(Records for this task)
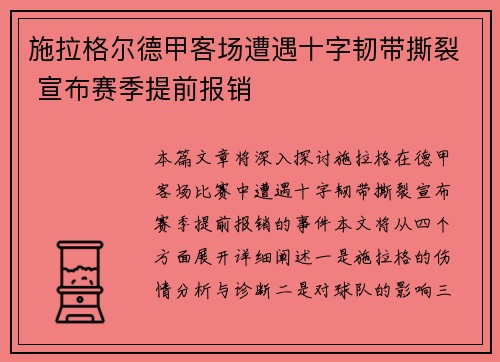 施拉格尔德甲客场遭遇十字韧带撕裂 宣布赛季提前报销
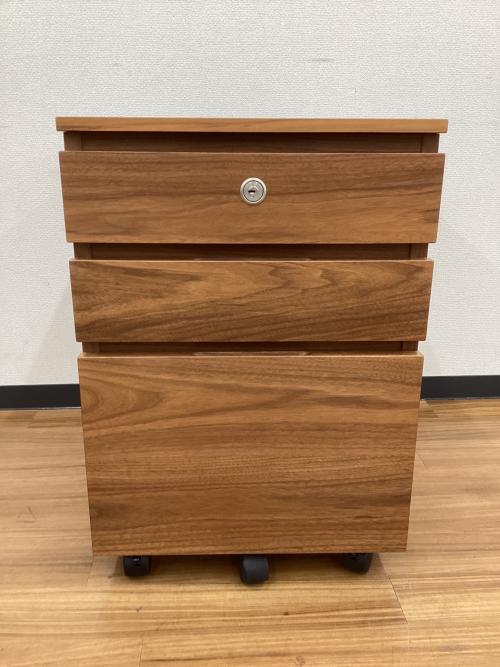 MasterWal (マスターウォール) 袖机  鍵付 VEGET DESK DRAWERS 3段 ウォールナット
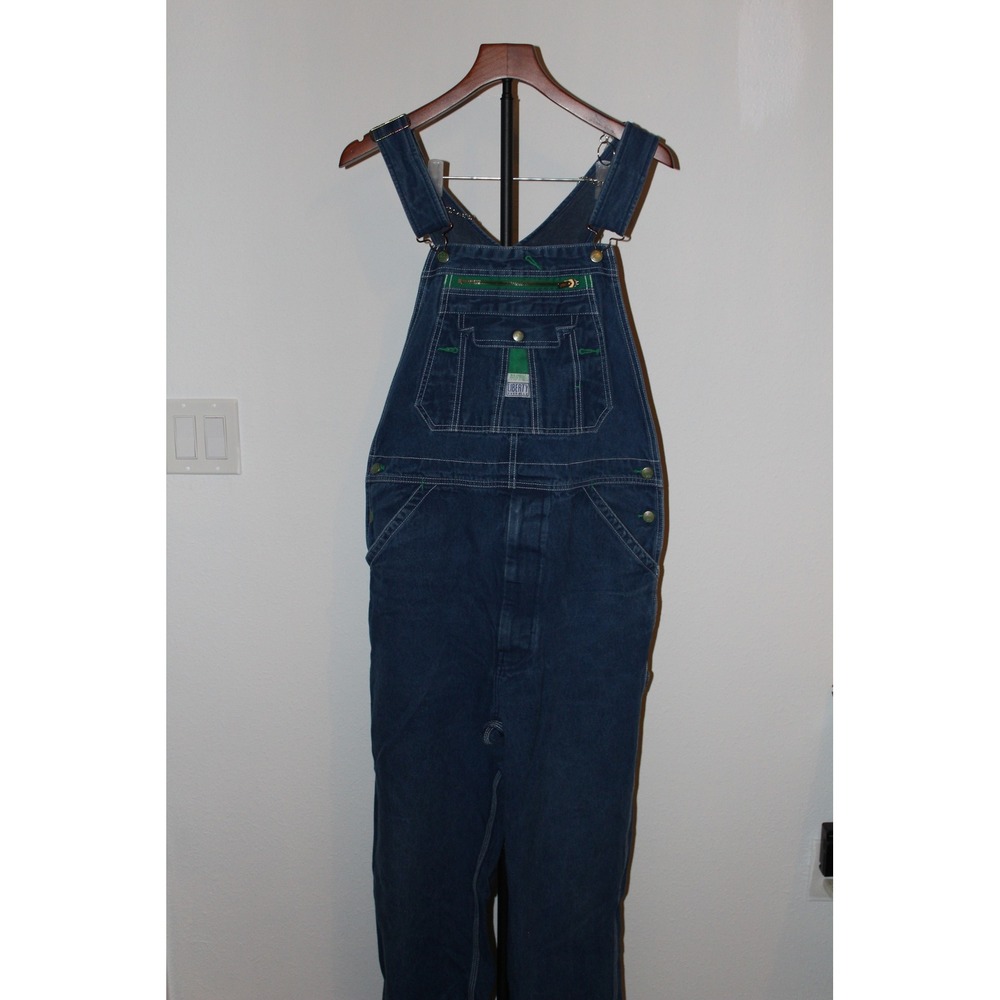 VTG Liberty Denim Bib Overalls Blue Green Zipper Pocket Workwear Straight Leg 34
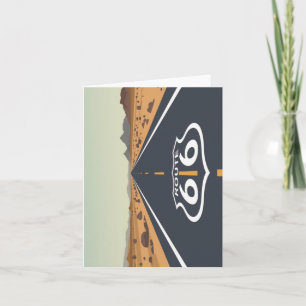 Cartes Pour Fêtes Annuelles Route 66 Route Désertique Art de Voyage Vintage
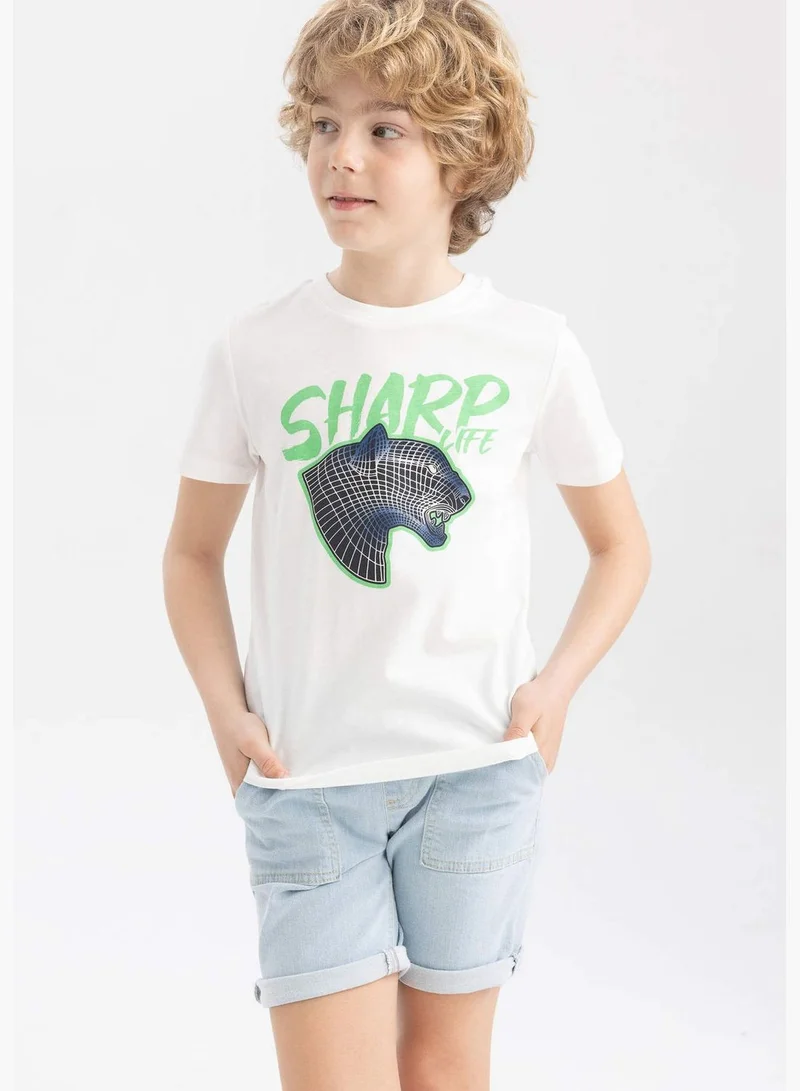 DeFacto Regular Fit Short Sleeve Tiger Print T-Shirt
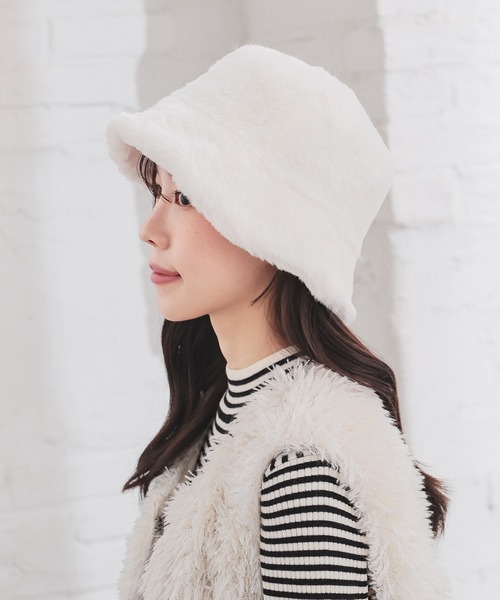 Honeys（ハニーズ）の「エコファーバケットハット（ハット・レディース・ベージュ系その他/グレー系その他/アイボリー/ブラック・FREE）」の2枚目の写真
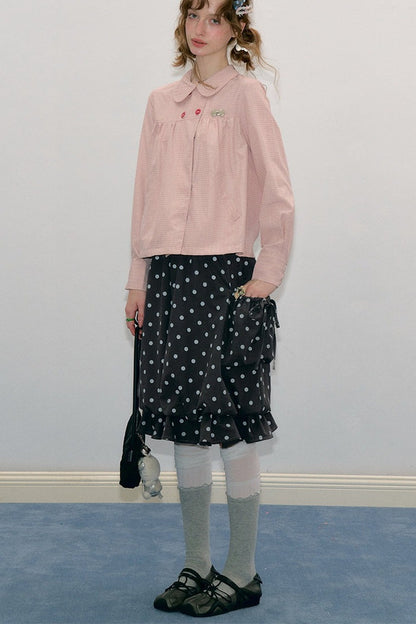 Pink Plaid Doll Collar Shirt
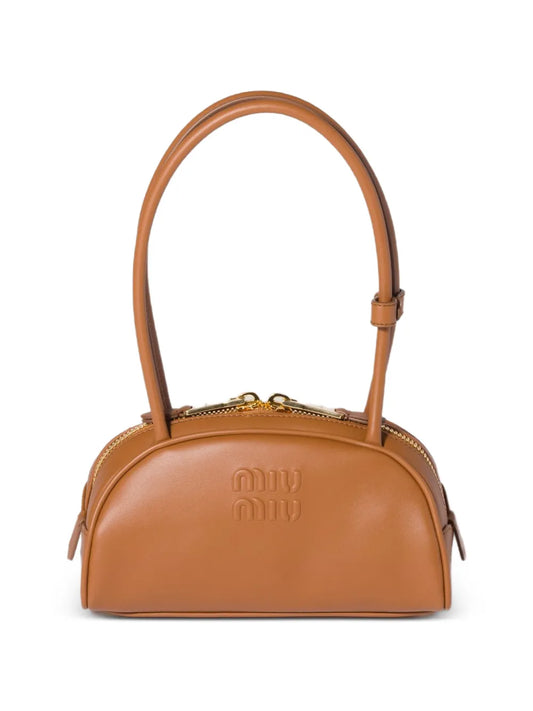 Miu Miu Beau Embossed Logo Leather Shoulder Bag — Same as shown — Size One Size — Front View
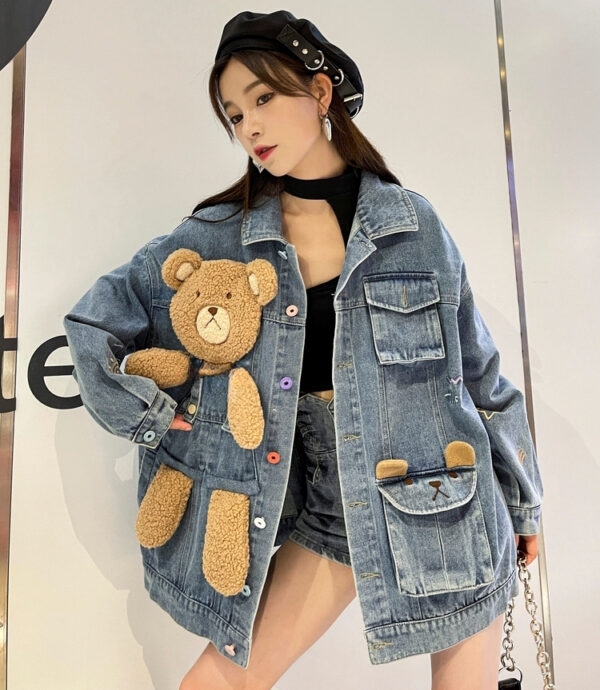 Cute 3D Three-Dimensional Design Bear Denim Jacket 4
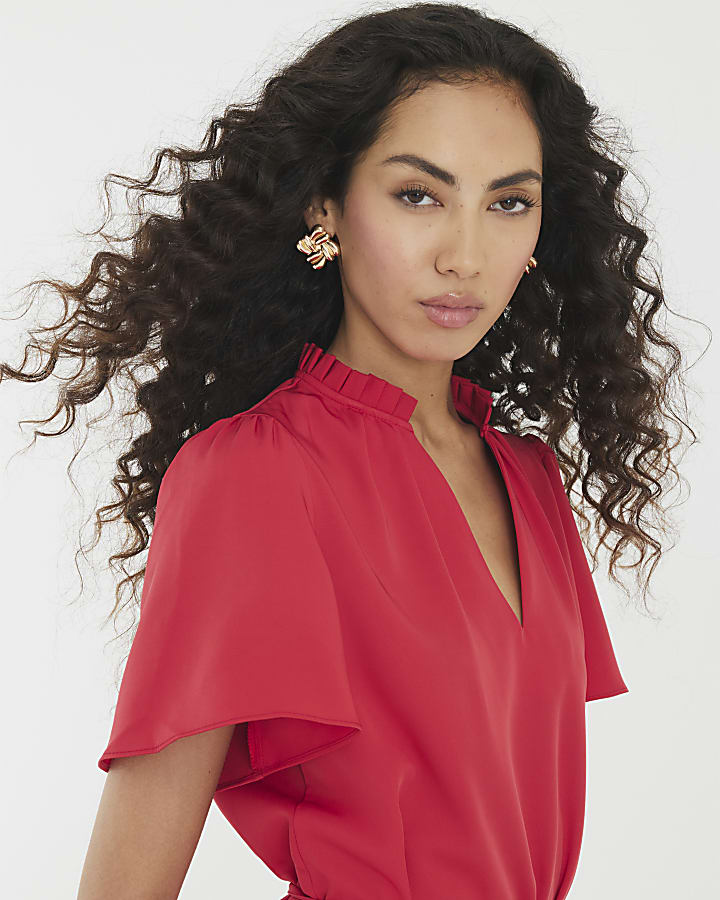 Red Belted Fluted Mini Dress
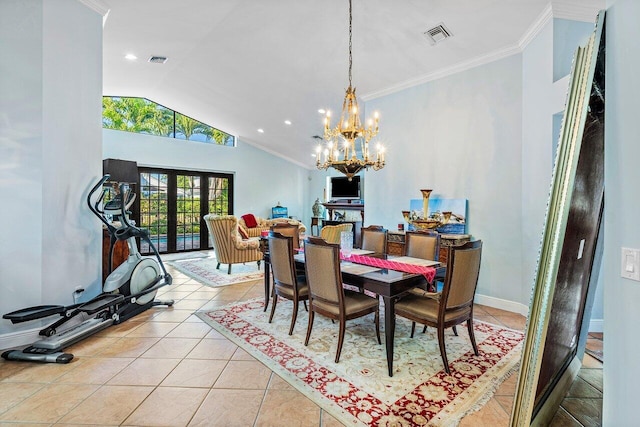 2161 NW 59th St, Boca Raton, FL 33496 - dining area featuring visible vents, french doors, lofted ceiling, and ornamental molding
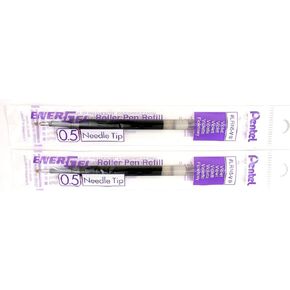 2 Pk Pentel LRN5-V EnerGel Refills, 0.5 mm Fine Needle Tip, Violet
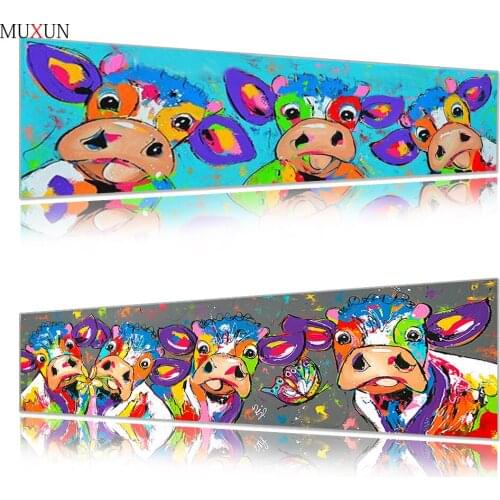 Full Drill Mosaic Christmas Gift Diamond Painting Cartoon Color Cow Diamond Embroidery Cross Stitch Animal Bird Home Decor Lx196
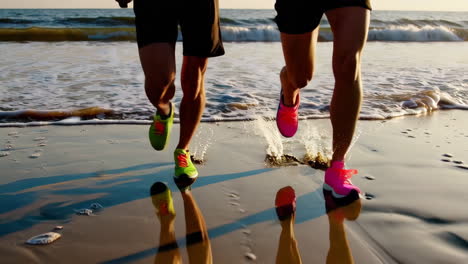 two people running along the beach at sunrise or sunset, splashing water with their steps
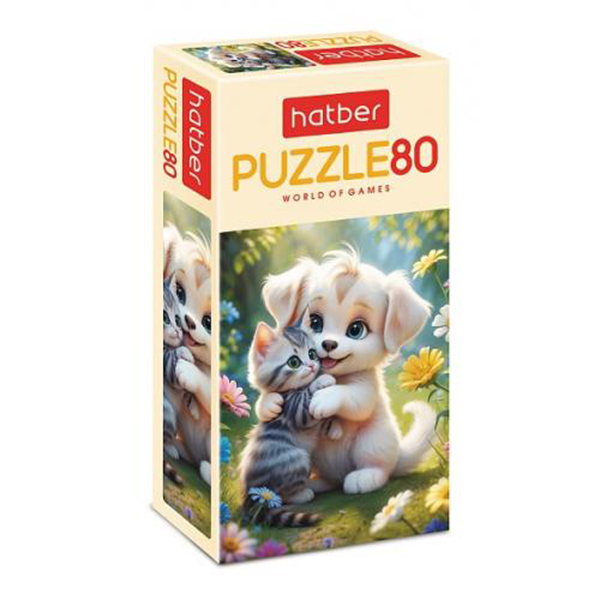 картинка Пазлы " Hatber "  80элементов Нежные объятия 16,5*23см, картонная упаковка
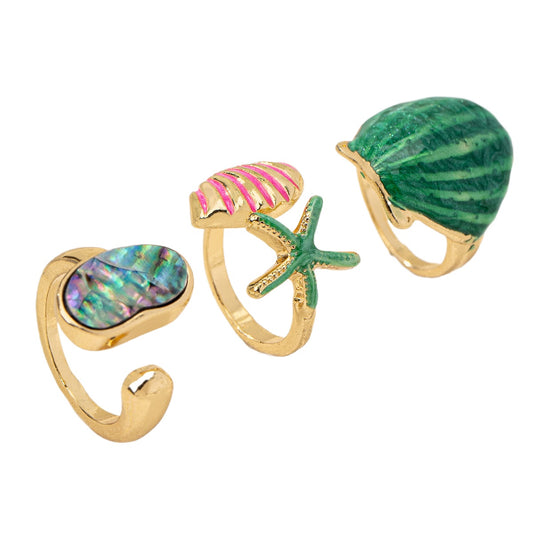 Ocean Series Starfish Ring Set for Women by Planderful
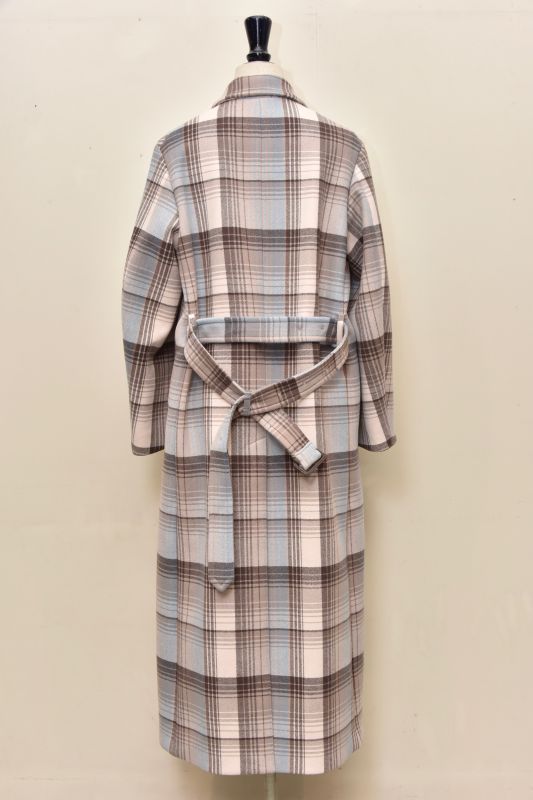 auralee wool check melton long soutien collar coat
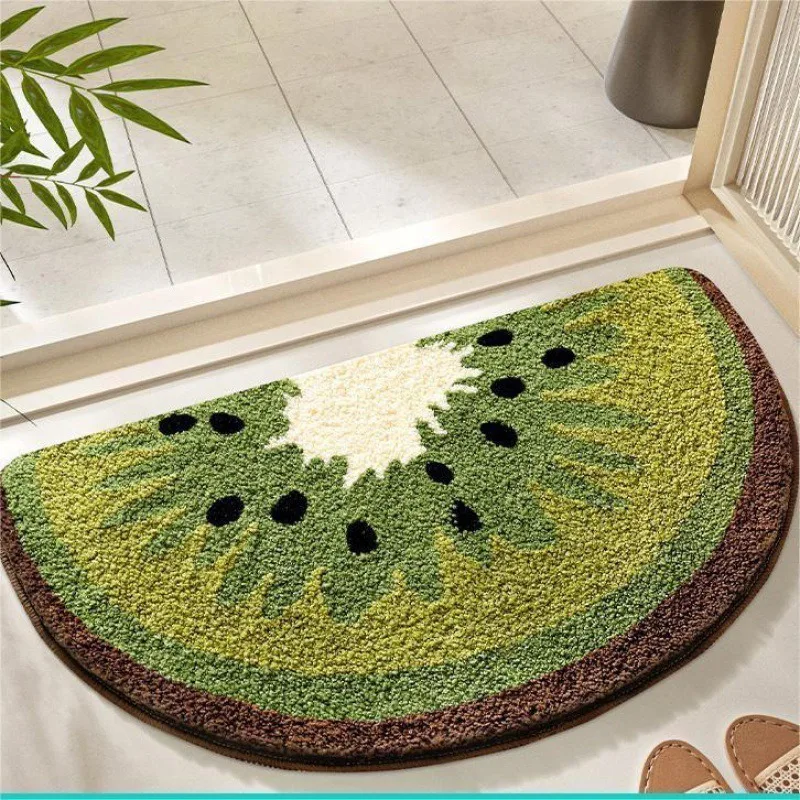 Cute Fruit Shaped Bath Mat Imitation Cashmere Absorbent Non Slip Rug Washable Doormat for Bathroom Bedroom Entryway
(End Records for this task)
Reproduce the records above from their first line to the line bearing "DeFacto Regular Fit", both ends included, leaving every picture out.

 施拉格尔德甲客场遭遇十字韧带撕裂 宣布赛季提前报销
 MasterWal (マスターウォール) 袖机  鍵付 VEGET DESK DRAWERS 3段 ウォールナット
 VTG Liberty Denim Bib Overalls Blue Green Zipper Pocket Workwear Straight Leg 34
 Cartes Pour Fêtes Annuelles Route 66 Route Désertique Art de Voyage Vintage
 DeFacto Regular Fit Short Sleeve Tiger Print T-Shirt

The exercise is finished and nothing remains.